Day 316 — Packrat
See all this stuff? This stuff follows me around wherever I go. I have tried time and time again to exorcise my clutter demons, and I have given bag after bag after bag of stuff to friends and Goodwill. But still, at all times, no less than ten substantial boxes of ... stuff ... trails behind me, stashed in a closet, in a bureau, under the bed, in some spare cabinets.
I'm talking broken Furbies, miniature sticker books from when I was 12, every diary I've ever owned, broken desk lamps, loose-leaf notebook paper containing serialized and incomplete stories, sketchbooks from high school art class, billfolds given to me for Christmas when I was in third grade, creative-writing journals from my senior year, three Ziploc bags full of lead pencils and highlighters, CDs I haven't listened to in years, dusty paintbrushes given to me by my grandmother, a lamp with broken colored glass glued to it that I've never once been able to hang up, erotic poster-board paintings of featureless women, the business card of an Indian restaurant I ate at the first time I ever visited New York City, a stuffed Aflac duck, keys that go to who knows what, four spools of unmarked CDs, three boxes of photographs, my (incomplete) Sidelines clip file, bills from 2004, tiny beaded change purses stained by melted candy, wallets I've never once used, scrapbooks that have gone untouched, Christmas and birthday cards I've accumulated over the past decade, a broken ceramic angel my sister gave me when I was confirmed in our church, my old Dell desktop and its accessories, bags and purses I never use, letters from my dead grandmother and great-grandmother ... the list goes on and on.
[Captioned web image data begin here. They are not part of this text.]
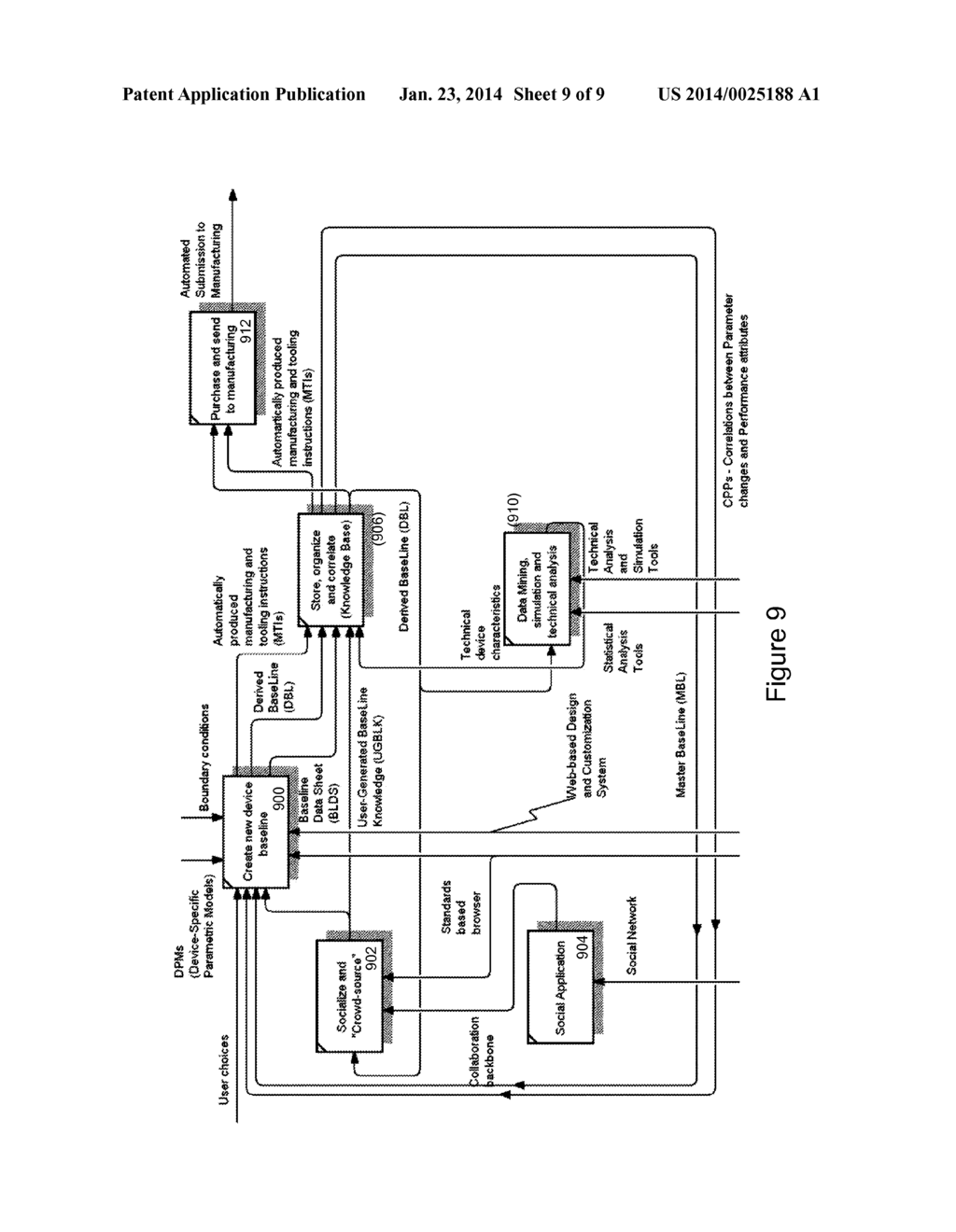 DESIGN-TO-ORDER PERFORMANCE EQUIPMENT - diagram, schematic, and image 10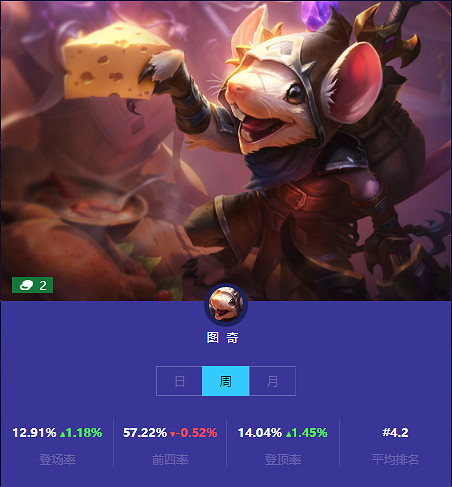 《金鏟鏟之戰》本周二費卡使用情況 二費卡排名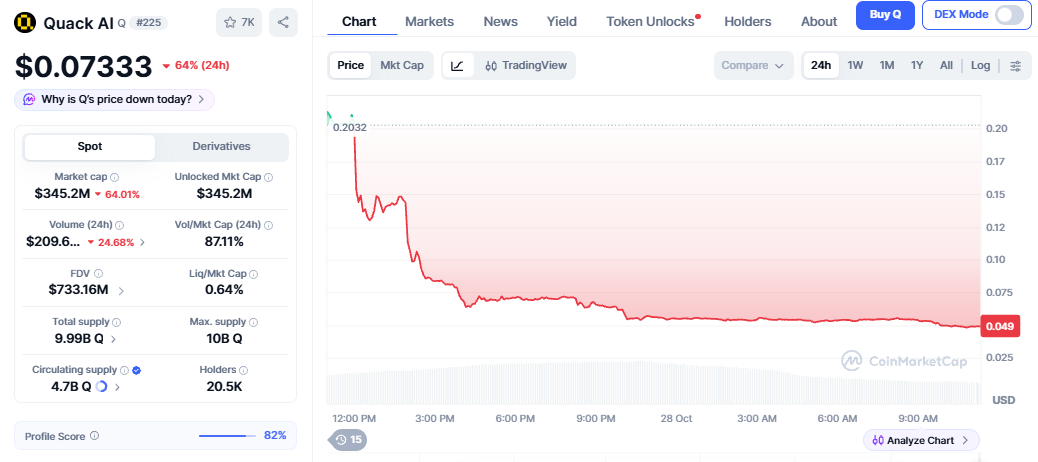 Quack AI Price Crash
I have this ritual once or twice a year where I pull everything out of its polite hiding place and go through it in order to "clean up" and hopefully get rid of some stuff. It almost always ends up being an exercise in pointlessness from a purely pragmatic standpoint. I throw out maybe one garbage bag of paperwork. But it gives me a chance to get reacquainted with all the stuff I've stashed and forgotten about. I get to read through my horrible adolescent poetry and cringe at the creative-writing journal I actually let a teacher read and grade my senior year. I get to tear up at the recordings of our band concerts (we were good for a bunch of little twerps). I get to remember all the bands I absolutely loved and then completely forgot about. I get to reconnect with the people in my family who have moved on, but who left me little pieces of themselves in letters and photographs.
I am a sentimental fool, see. Having little bits of my past kept stacked up in my closet helps keep every passing year within reach. If I threw these things out, how would I remember the circumstances in which they were created? My memory's not so good. I need all the help I can get.
A lot of people don't understand this attachment to things, this tendency to hoard. I think we packrats don't understand the capacity to so easily throw most things away.